I thought it was a great question, and I came up with some recommendations. I thought I would share the recommendations that I offered him here:
One thing I can recommend is a book called Playmaking. I encountered it one summer in New Haven. I was working with something called the Dwight-Edgwood Project , which in turn was based on the 52nd Street Project in New York. These projects involved mentoring kids in playwriting, so that they wrote 5 minute plays which were then directed in and acted by adults. There probably is a version of it here in LA, it has been replicated widely. Getting involved in that, and working with the kids, would probably be in itself a great way to awaken the imagination. But the book Playmaking is a handbook for the mentors, who were theater professionals of all stripes, not just writers. The book contains simple exercises to help students learn the basic concepts of dramatic narratives and get their imaginations going at the same time. I think the kid-orientation of it is very helpful for all of us serious adults as well.

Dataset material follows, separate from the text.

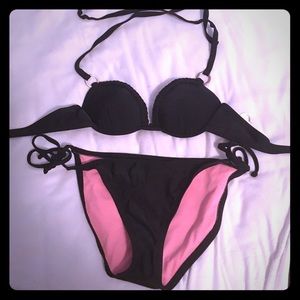 Black bikini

Another thing that comes to mind is Miranda July’s website http://www.learningtoloveyoumore.com/ It’s got lots of challenges or prompts for creative exploration that are more geared to grown-ups. They don’t accept submissions to the website of the projects anymore, but that doesn’t mean you can’t still do the challenges.
You may have heard of the book The Artist’s Way. I can’t really recommend it all that highly though. I tried it for a while, and didn’t really feel that anything was unlocked, but maybe if I had stayed with it something might have. My cousin is a writer and filmmaker and swears by it.
Although I am a bit skeptical about the improv-teaching industry here in town, I do think an improv class can be a great thing to do if you can find a good class. I went to a free workshop with a teacher named Bill Chait, just to see how he ran it as a marketing event, and was quite impressed with his insights and exercises.
Finally, I think taking a class in an art form that is not interpretive but essentially creative in nature, such as fiction-writing or painting or songwriting, can be very helpful. I think actors don’t do enough of this. Writers are told often to take acting classes, but I think it works the other way as well. An actor who understands firsthand what the decisions are that go into writing will look at a text with different eyes than one who doesn’t have that angle. Of course, you would want to get into a class that wasn’t too much about generic conventions (as many screenwriting classes are, alas), but rather about bringing your vision into being.
Obviously, there are other ways as well, but these were what first came to my mind.